_Activity_. What lines in the records include the string "background"? Return each one.

[Brief descriptive captions]
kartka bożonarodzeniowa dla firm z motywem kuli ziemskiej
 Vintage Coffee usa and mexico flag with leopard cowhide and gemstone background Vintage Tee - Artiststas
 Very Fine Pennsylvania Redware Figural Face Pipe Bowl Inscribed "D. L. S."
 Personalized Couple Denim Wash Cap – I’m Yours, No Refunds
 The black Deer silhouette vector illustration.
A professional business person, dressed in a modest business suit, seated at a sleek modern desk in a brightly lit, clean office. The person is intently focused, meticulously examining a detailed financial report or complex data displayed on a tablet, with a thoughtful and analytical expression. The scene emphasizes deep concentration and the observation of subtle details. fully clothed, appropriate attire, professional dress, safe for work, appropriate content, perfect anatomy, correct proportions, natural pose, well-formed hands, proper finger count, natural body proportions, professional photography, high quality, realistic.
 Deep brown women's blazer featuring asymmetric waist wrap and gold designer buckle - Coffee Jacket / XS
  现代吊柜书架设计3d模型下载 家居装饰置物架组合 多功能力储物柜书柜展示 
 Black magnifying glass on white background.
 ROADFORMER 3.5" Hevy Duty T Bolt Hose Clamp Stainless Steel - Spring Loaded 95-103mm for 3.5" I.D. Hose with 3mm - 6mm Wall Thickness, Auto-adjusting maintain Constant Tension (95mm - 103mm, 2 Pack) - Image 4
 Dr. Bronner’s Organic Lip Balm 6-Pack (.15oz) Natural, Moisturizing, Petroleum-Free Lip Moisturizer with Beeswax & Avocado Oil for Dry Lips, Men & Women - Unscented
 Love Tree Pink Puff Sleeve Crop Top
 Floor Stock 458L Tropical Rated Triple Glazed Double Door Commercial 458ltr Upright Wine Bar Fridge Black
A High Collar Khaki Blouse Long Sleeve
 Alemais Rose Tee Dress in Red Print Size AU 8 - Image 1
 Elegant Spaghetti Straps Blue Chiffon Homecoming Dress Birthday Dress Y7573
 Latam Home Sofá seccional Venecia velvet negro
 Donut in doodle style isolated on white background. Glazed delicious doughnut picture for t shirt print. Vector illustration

_Task response_.
 Vintage Coffee usa and mexico flag with leopard cowhide and gemstone background Vintage Tee - Artiststas
 Black magnifying glass on white background.
 Donut in doodle style isolated on white background. Glazed delicious doughnut picture for t shirt print. Vector illustration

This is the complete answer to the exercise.